Galaktische Teilchenbeschleuniger

„Diese Schockwellen wirken wie Teilchenbeschleuniger und katapultieren Elektronen auf Geschwindigkeiten nahe der Lichtgeschwindigkeit. Wenn diese Plasmaausstöße auf die umliegende Halo der Milchstraße treffen, erzeugen sie dort Störungen in der gleichmäßigen Struktur. Da Halos eine Temperatur von Millionen von Grad haben, kann man sie jedoch nur mit einem Röntgenteleskop wie eROSITA sichtbar machen“, erklärt Mernik. Die vom deutschen Röntgenteleskop gelieferten Daten ermöglichen nun einen Blick in die wilde Vergangenheit der Milchstraße. Doch vieles bleibt noch Ungewiss. Weitere Erkenntnisse erhoffen sich die Forscher von den noch folgenden Himmelsdurchmusterungen. Denn die eROSITA-Bubbles wurden während der allerersten von insgesamt acht Surveys entdeckt. Mit jeder weiteren Himmelsdurchmusterung werden die Wissenschaftler mehr Informationen sammeln. Insbesondere die Spektren von Teilbereichen dieser Gebilde werden es ermöglichen, die Fülle der chemischen Elemente, den Grad ihrer Ionisierung und die Dichte und Temperatur des Gases in den Blasen präziser untersuchen zu können. Die Forscher können damit auch die Position der Schockwellen besser bestimmen und abschätzen, wann Materie ausgestoßen wird. „All diese Informationen könnten zukünftig dazu beitragen, dass wir die Entwicklung unserer Galaxie besser verstehen“, betont Mernik.

Credit: DLR (CC-BY 3.0)
eROSITA hat den gesamten Himmel im Blick, Credit: DLR (CC-BY 3.0)

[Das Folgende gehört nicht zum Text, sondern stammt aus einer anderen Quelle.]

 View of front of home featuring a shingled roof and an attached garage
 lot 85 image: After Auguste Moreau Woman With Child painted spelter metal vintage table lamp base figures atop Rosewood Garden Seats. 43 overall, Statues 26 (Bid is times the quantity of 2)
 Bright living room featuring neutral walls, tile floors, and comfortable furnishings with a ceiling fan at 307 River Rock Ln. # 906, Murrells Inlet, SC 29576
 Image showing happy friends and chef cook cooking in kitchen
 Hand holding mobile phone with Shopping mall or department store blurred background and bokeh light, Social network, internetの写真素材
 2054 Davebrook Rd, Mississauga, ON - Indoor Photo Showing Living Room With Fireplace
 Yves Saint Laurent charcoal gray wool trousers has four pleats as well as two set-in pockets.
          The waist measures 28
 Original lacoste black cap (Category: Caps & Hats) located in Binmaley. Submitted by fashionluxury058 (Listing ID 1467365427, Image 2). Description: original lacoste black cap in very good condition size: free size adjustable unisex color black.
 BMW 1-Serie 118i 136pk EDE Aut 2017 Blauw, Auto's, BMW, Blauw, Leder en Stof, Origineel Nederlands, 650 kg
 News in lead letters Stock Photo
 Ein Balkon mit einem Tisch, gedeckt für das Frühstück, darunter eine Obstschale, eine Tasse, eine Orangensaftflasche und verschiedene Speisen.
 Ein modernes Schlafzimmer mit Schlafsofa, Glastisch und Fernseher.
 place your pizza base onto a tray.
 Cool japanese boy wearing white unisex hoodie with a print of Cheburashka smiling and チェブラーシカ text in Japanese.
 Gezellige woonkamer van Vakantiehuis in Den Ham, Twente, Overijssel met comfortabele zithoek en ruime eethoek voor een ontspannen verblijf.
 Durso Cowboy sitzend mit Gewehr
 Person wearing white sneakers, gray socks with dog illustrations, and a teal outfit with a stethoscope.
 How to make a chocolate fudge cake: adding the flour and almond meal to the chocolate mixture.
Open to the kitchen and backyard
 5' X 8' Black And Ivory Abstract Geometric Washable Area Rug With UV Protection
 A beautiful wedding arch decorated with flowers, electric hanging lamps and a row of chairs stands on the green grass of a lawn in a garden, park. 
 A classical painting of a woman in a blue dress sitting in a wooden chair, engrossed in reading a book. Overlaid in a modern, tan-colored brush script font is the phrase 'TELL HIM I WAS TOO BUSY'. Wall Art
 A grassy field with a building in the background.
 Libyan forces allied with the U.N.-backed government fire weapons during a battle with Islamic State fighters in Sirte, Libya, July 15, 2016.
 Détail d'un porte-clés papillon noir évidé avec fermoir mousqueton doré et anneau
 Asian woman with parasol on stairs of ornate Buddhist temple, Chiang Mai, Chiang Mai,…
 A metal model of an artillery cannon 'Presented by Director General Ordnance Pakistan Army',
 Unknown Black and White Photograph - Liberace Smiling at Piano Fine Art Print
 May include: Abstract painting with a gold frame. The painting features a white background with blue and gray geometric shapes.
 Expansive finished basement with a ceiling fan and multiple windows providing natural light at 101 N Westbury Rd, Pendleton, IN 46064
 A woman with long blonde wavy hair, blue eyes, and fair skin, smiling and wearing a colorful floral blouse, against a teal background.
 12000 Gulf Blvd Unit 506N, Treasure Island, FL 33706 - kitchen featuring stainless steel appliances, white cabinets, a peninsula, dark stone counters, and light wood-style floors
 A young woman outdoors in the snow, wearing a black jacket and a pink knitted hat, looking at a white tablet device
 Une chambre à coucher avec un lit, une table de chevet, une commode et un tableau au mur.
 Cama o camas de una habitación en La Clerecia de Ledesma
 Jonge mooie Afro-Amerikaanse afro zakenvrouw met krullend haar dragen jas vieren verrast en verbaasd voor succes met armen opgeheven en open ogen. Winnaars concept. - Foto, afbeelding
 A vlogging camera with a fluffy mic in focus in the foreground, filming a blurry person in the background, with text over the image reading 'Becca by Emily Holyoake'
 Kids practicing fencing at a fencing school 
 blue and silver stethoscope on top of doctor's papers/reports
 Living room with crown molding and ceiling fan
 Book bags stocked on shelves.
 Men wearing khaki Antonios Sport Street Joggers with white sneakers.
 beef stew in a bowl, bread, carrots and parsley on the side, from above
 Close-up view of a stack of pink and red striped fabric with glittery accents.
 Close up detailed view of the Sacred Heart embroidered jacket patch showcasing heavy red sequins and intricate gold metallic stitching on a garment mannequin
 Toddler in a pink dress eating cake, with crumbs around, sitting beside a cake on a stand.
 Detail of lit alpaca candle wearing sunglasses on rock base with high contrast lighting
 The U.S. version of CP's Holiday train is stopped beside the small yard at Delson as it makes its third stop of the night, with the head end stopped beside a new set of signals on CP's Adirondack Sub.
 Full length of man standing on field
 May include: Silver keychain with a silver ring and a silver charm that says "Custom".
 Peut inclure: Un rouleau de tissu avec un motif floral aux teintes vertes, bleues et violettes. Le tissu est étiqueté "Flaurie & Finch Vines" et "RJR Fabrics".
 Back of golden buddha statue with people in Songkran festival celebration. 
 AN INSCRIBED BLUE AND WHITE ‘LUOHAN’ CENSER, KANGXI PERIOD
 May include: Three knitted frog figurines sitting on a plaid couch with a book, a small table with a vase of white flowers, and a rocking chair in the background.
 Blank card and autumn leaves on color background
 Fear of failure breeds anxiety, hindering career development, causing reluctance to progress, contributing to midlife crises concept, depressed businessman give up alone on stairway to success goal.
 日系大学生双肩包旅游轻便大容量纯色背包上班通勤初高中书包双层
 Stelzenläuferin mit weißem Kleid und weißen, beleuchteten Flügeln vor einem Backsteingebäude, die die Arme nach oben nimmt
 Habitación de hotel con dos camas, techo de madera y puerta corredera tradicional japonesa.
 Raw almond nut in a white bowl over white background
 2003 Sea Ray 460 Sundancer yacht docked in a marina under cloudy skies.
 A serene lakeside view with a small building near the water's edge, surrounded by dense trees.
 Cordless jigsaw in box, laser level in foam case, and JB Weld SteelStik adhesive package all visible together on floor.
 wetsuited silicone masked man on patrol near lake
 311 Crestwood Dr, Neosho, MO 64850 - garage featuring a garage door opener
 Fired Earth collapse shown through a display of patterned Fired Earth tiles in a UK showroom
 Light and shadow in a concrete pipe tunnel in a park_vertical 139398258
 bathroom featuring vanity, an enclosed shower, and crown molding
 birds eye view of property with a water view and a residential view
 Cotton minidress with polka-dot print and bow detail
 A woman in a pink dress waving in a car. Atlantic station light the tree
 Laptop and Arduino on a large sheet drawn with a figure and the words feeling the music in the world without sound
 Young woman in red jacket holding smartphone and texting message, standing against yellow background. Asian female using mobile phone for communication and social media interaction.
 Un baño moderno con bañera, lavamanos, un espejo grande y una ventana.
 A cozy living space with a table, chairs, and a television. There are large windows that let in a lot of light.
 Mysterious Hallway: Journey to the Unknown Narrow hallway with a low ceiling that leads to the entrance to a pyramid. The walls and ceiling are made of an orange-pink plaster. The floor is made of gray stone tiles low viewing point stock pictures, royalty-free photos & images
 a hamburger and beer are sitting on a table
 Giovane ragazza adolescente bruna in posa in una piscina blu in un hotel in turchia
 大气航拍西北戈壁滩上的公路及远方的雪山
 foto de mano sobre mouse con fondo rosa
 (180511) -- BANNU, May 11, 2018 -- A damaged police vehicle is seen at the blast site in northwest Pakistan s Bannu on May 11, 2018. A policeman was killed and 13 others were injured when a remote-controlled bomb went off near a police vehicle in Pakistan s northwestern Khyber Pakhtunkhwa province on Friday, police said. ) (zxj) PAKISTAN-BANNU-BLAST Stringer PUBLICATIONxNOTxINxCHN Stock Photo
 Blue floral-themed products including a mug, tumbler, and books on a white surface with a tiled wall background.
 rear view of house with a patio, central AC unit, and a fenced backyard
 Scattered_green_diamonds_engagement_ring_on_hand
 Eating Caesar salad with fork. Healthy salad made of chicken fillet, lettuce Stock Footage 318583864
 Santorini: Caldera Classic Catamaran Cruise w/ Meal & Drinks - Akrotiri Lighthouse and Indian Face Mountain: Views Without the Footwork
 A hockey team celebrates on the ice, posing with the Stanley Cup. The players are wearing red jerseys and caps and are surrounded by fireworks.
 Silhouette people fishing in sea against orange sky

Riesige Blasen im Heuhaufen des Universums

Doch warum ist diese riesige galaktische Sanduhr anderen Röntgenteleskopen bislang verborgen geblieben? „Man benötigt dafür ein Teleskop mit einer hohen Empfindlichkeit und Auflösungsvermögen einerseits und einem großen Gesichtsfeld andererseits. Betrachtet man nur kleine Himmelsausschnitte, kann man so gigantische Strukturen nicht erkennen. Die sprichwörtliche Nadel wird zu groß für den Betrachter des Heuhaufens. Das eROSITA-Instrument wurde aber vom MPE für genau diesen Zweck gebaut – nämlich um den gesamten Röntgenhimmel zu kartieren“, erklärt Mernik. „Es ist eine Entdeckungsmaschine für die größten Strukturen im Universum.“

Spektrum-Röntgen-Gamma – eine Raumfahrtmission mit vielen Partnern

Spektrum-Röntgen-Gamma (SRG) ist eine Raumfahrtmission mit vielen Partnern. Auf russischer Seite sind die Raumfahrtagentur Roskosmos, der Raumfahrtkonzern Lavochkin sowie das Institut für Weltraumforschung der Russischen Akademie der Wissenschaften (IKI) eingebunden. Das deutsche Röntgenteleskop eROSITA wurde mit der Unterstützung des DLR Raumfahrtmanagements vom Max-Planck-Institut für Extraterrestrische Physik in Garching gemeinsam mit dem Leibniz-Institut für Astrophysik Potsdam (AIP) Potsdam sowie den Universitäten Erlangen-Nürnberg, Hamburg und Tübingen entwickelt und gebaut. Zudem bereiten die Universitäten München und Bonn die wissenschaftliche Auswertung der eROSITA-Daten mit vor. Die am deutschen Teleskop beteiligten Partnerinstitute haben Software für die Datenanalyse, Missionsplanung und Simulationen erstellt sowie Teile der Hardware beigestellt. Die hauptsächliche Hardwareverantwortung lag aber im Wesentlichen beim MPE. Hier wurden viele Komponenten entwickelt und zum Teil in Partnerschaft mit ausgewählten Industrieunternehmen gefertigt. Auch der Zusammenbau des Teleskops fand in Garching statt. Von hier aus wurde das Teleskop nach Moskau verbracht, um gemeinsam mit dem russischen Teleskop auf die Satellitenplattform integriert zu werden.